Pada kasus lain juga disebutkan, bahwa Negara Indonesia hanya mendapat bagian kecil dari royalty PT.Freeport, bahwa meskipun penjualan emas Freeport dari Papua nilainya besar, namun negara hanya mendapatan jatah royalti 1%. Lalu untuk tembaga negara hanya mendapat jatah royalti 1,5%-3,5%. Royalti ini jelas jauh lebih rendah dari negara lain yang biasanya memberlakukan 6% untuk tembaga dan 5% untuk emas dan perak[4].
Bila negara mampu menekan dan memaksimalkan sektor itu, akan menambah jumlah pendapatan sektor nonpajak. Sehingga akan mampu menambah kapasitas dalam pembangunan nasional. Secara tidak langsung, bila pembangunan meningkat, akan mampu menambah lapangan atau memperlancar arus kegiatan masyarakat, sehingga semakin banyak kegiatan yang mampu dilakukan oleh masyarakat.
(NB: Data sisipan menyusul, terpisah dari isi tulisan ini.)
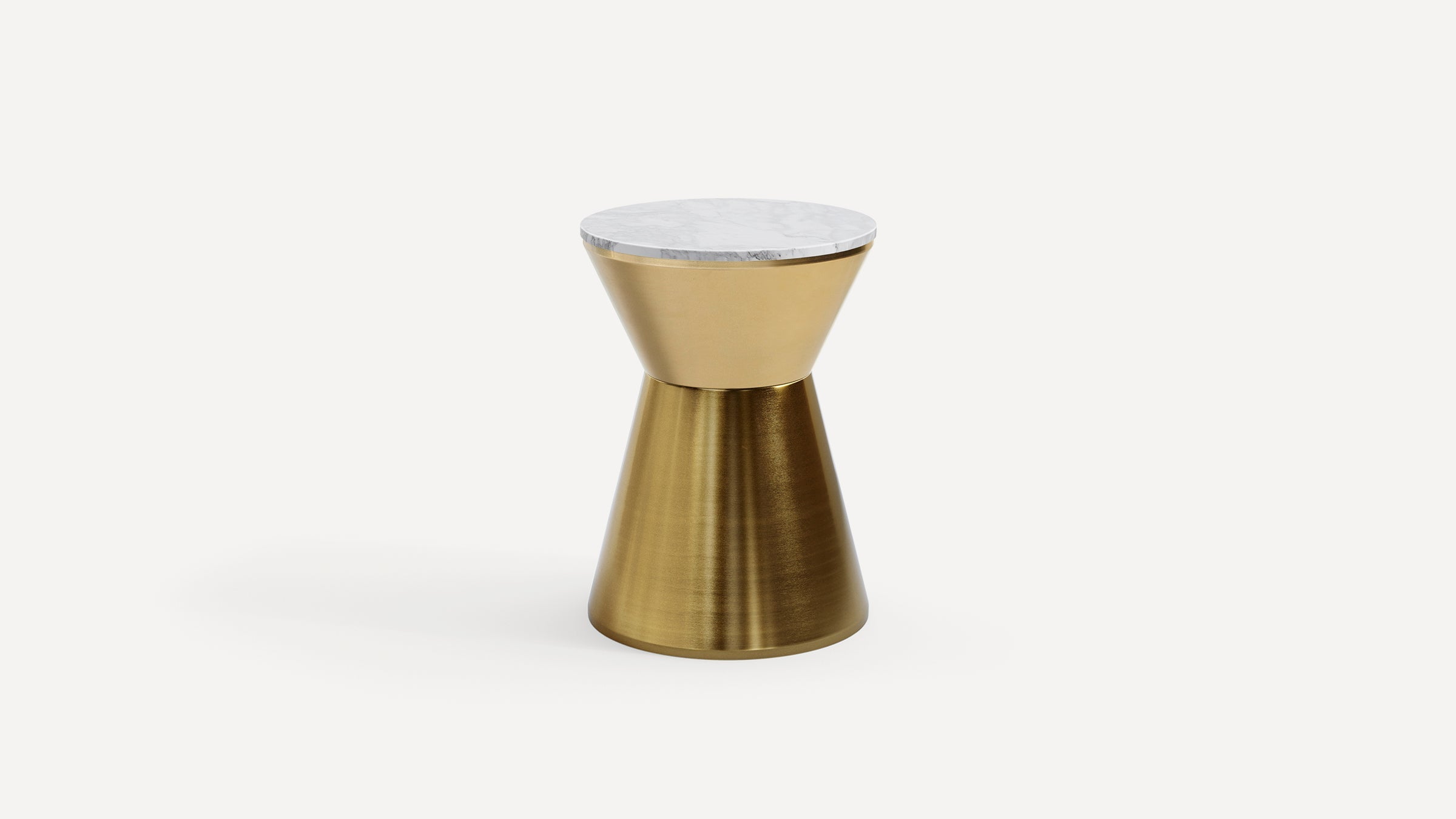 Modern hourglass-shaped side table with a brass-finished metal base and a round white marble top.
Efek seterusnya adalah pendapatan akan naik sehingga masyarakat mendapat tambahan kenaikan pendapatan.
Pilihan kedua juga bisa dilakukan dengan tidak mengurangi jumlah penerimaan sektor pajak ,dengan cara menaikkan batas PTKP. Dengan demikian andaikata negara belum menyediakan lapangan pekerjaan yang memadai, makin banyak masyarakat  yang dapat ‘dibebaskan’ dari pajak dengan menggunakan  cara tersebut. Akibat yang ditimbulkan memang penerimaan negara secara keseluruhan berkurang, namun bisa ditanggulangi dengan menaikkan tarif persen bagi golongan masyarakat kelas menengah atas. Karena jumlah kekayaan mereka tetap akan tinggi setelah dikenai pajak progresif sekalipun.
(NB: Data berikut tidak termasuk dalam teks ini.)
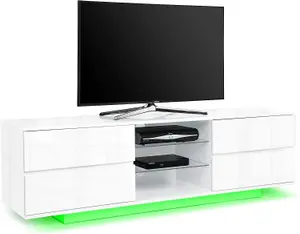 Centurion Supports Avitus High Gloss White with 4-White Drawers up to 65" LED/OLED/LCD TV Cabinet with LED Lights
Akhir kata, jika diberlakukan cara seperti itu, keadilan lebih terlihat dalam realisasinya. Masyarakat benar-benar mendapat potongan pajak dengan keadaan yang sudah ‘siap’. Seperti teori pemungutan pajak gaya pikul yakni kekuatan seseorang untuk membayar uang kepada negara adalah setelah dikurangi dengan minimum kehidupan[5]. Bisa dianalogikan bahwa pajak itu seperti beban dan minimum kehidupan adalah pikulan , apabila pikulan lebih berat atau seseorang belum mampu memikul pikulannya  maka tidak mungkin rakyat mampu membawa beban dengan sempurna. Namun jika pikulan lebih ringan atau seseorang telah mampu membawa pikulan maka rakyat sudah mampu membawa beban dengan sempurna.
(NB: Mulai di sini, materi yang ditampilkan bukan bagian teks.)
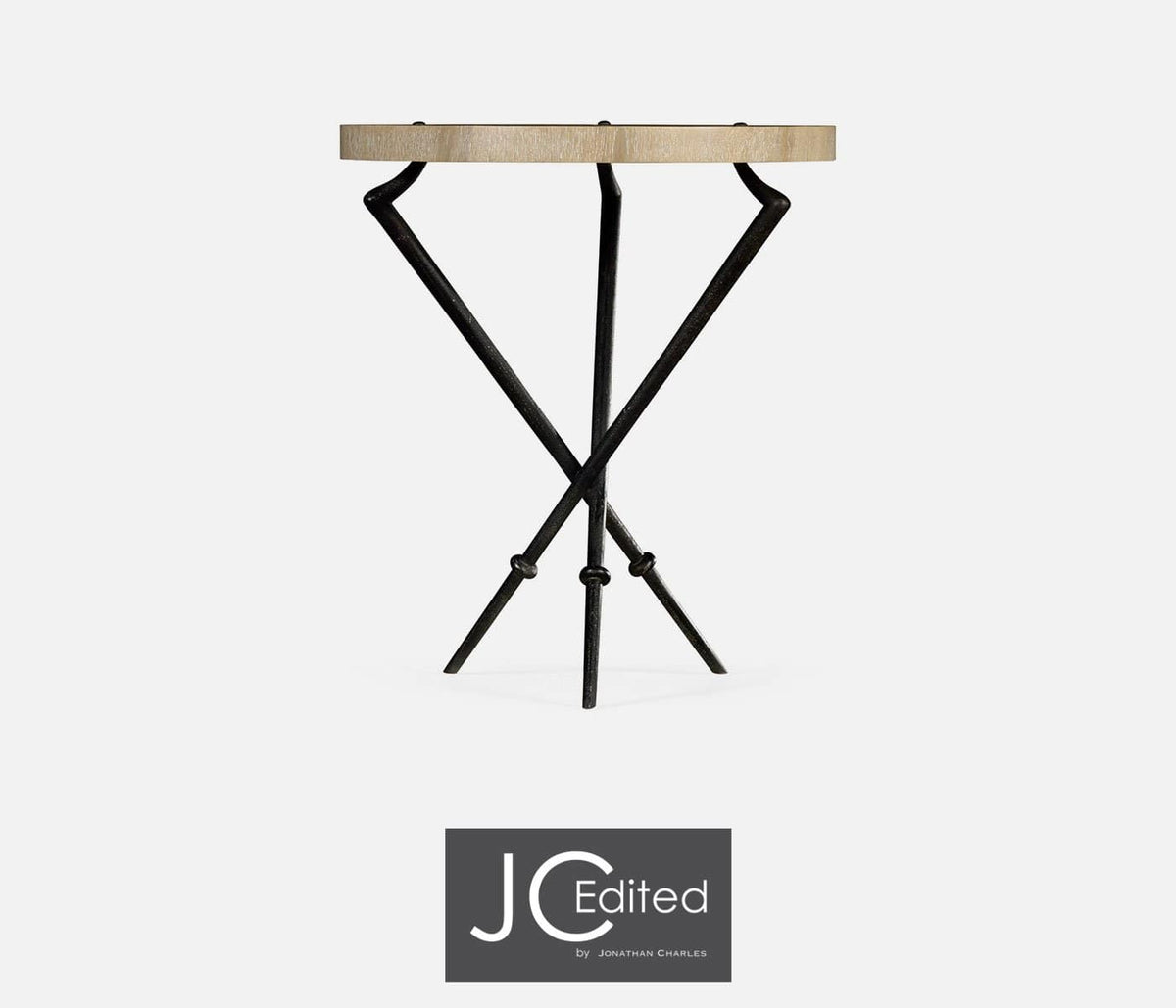 Jonathan Charles Living Round Lamp Table with Iron Base House of Isabella UK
Jadi, konsep pemungutan pajak yang adil adalah dengan menaikkan batas PTKP atau dengan cara menaikkan pendapatan masyarakatnya. Sehingga mereka tak akan terlalu berat dalam membayar pajak, lalu mampu mereduksi keluhan akan beratnya kewajiban membayar pajak. Apabila sikap yang terbentuk menjadi demikian dimana masyarakat menjadi tersadar membayar pajak, secara langsung negara juga akan mendapat manfaat dengan kenaikan pendapatan nasional. Yang kemudian juga akan meningkatkan pelayanan kepada masyarakat.
Jika seperti itu, tidak akan terjadi semacam kerugian bagi salah satu pihak. Kedua pihak yaitu negara dan masyarakatnya sama-sama tidak akan berkeberatan. Negara tidak berat mencari sumber pendapatan, masyarakat juga tidak berat untuk menyisihkan sebagian penghasilan untuk diberikan negara.